Login hangs after kernel message...
timestamp1593115740001
Update (6/29/20):
The login hang was caused by high I/O load which is returning after a weekend hiatus. Unfortunately, limiting the I/O on the login is not yet feasible due to the design of the system. The issue is not due to a lack of memory, CPU, or bandwidth on the login but the ability of the login to process lots of I/O by users (including transfers and local login processes). The issue is not present when performing the same work on compute nodes (transfers, normal commands, writing files, etc.). Short of an entire system redesign, we are planning a way forward with the way storage is used and configured on Memex. The earliest possible change(s) will be made during the July 8th shutdown.
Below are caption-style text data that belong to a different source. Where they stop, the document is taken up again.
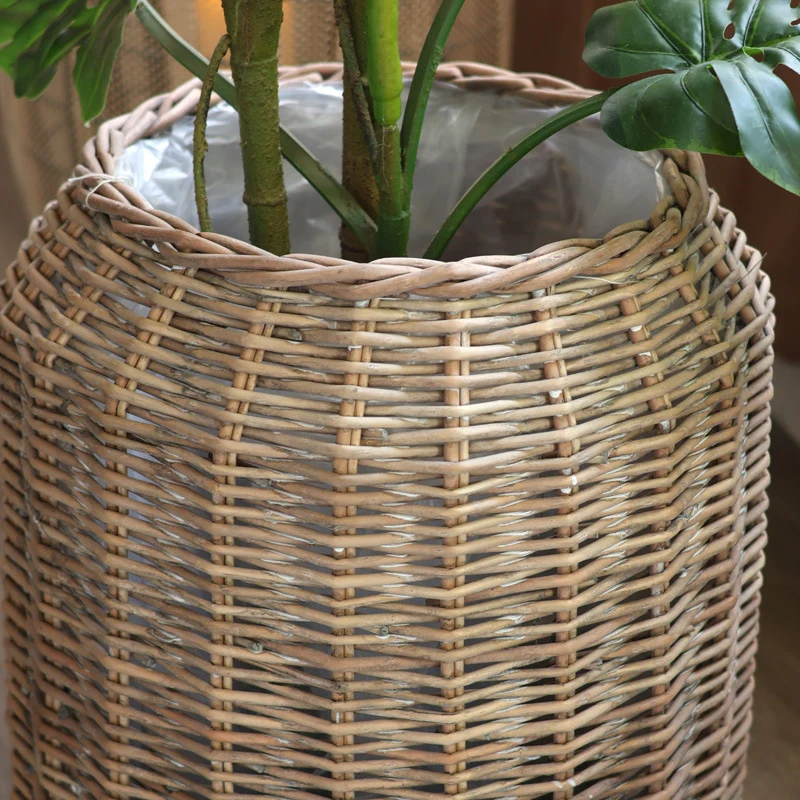 Stylish laundry basket made of braided natural material Stornfield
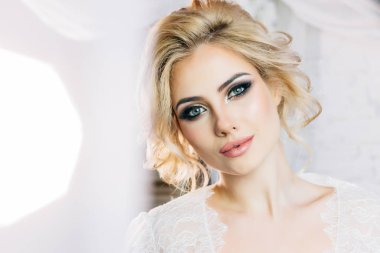 Anlamlı gözleri ve beyaz bir sabahlık tatlı bir gülümseme ile güzel model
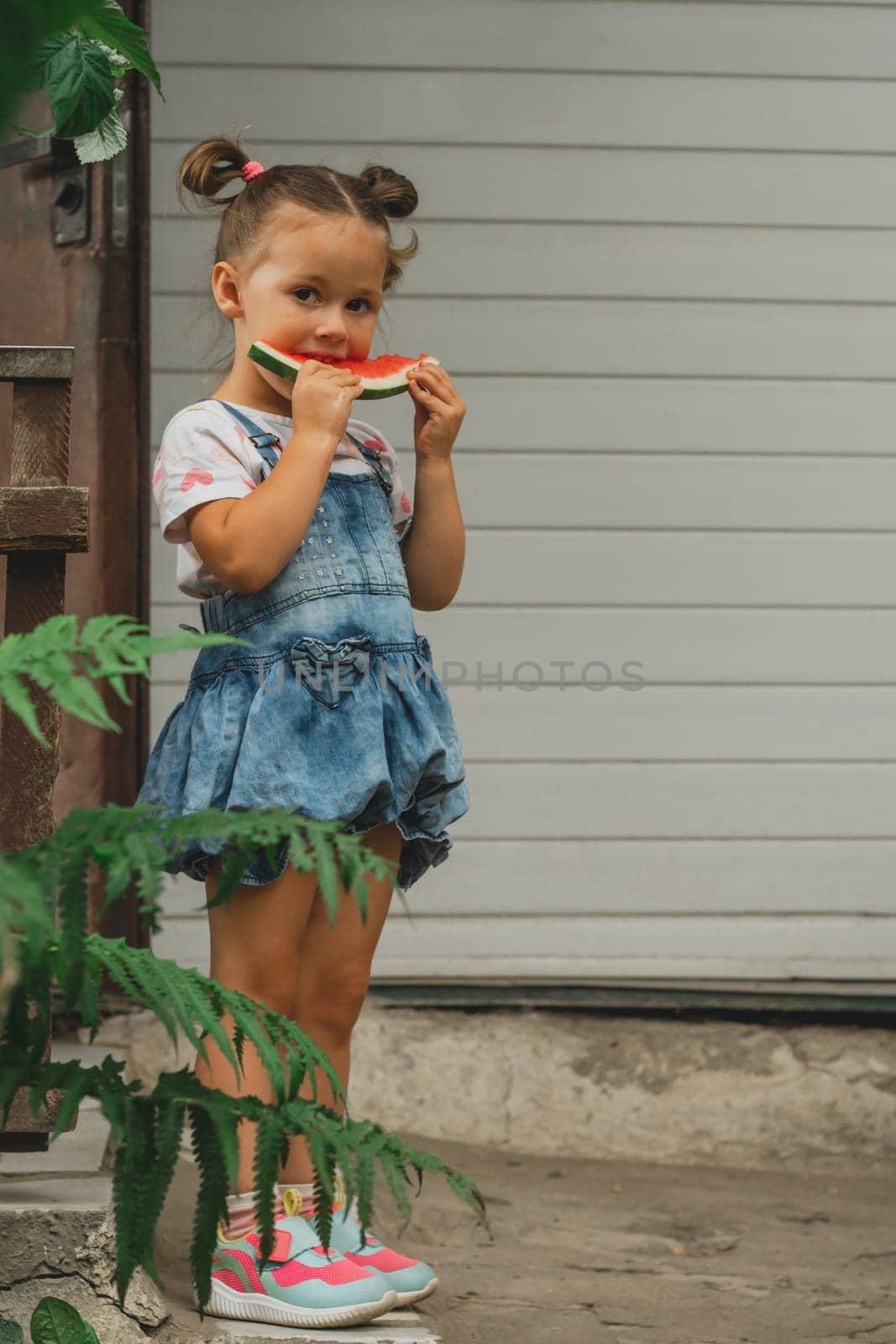 Concentrated little girl 3-4 years old with two ponytails eats watermelon. Child outdoors against background of building holds sweet healthy fruit in her hands. Summer, harvest, vitamins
Details will be sent once those plans are set.
Incident (06/24/20 @1540):
Login stalled after the global message below
kernel:NMI watchdog: BUG: soft lockup - CPU#10 stuck for 23s! [$IP-m:69361]
Message from syslogd@memex at Jun 24 12:23:02 ...
kernel:NMI watchdog: BUG: soft lockup - CPU#10 stuck for 22s! [$IP-m:69361]
Message from syslogd@memex at Jun 24 12:23:34 ...
kernel:NMI watchdog: BUG: soft lockup - CPU#10 stuck for 23s! [$IP-m:69361]
Message from syslogd@memex at Jun 24 12:24:02 ...
kernel:NMI watchdog: BUG: soft lockup - CPU#10 stuck for 23s! [$IP-m:69361]
Message from syslogd@memex at Jun 24 12:24:30 ...
kernel:NMI watchdog: BUG: soft lockup - CPU#10 stuck for 22s! [$IP-m:69361]
Message from syslogd@memex at Jun 24 12:24:58 ...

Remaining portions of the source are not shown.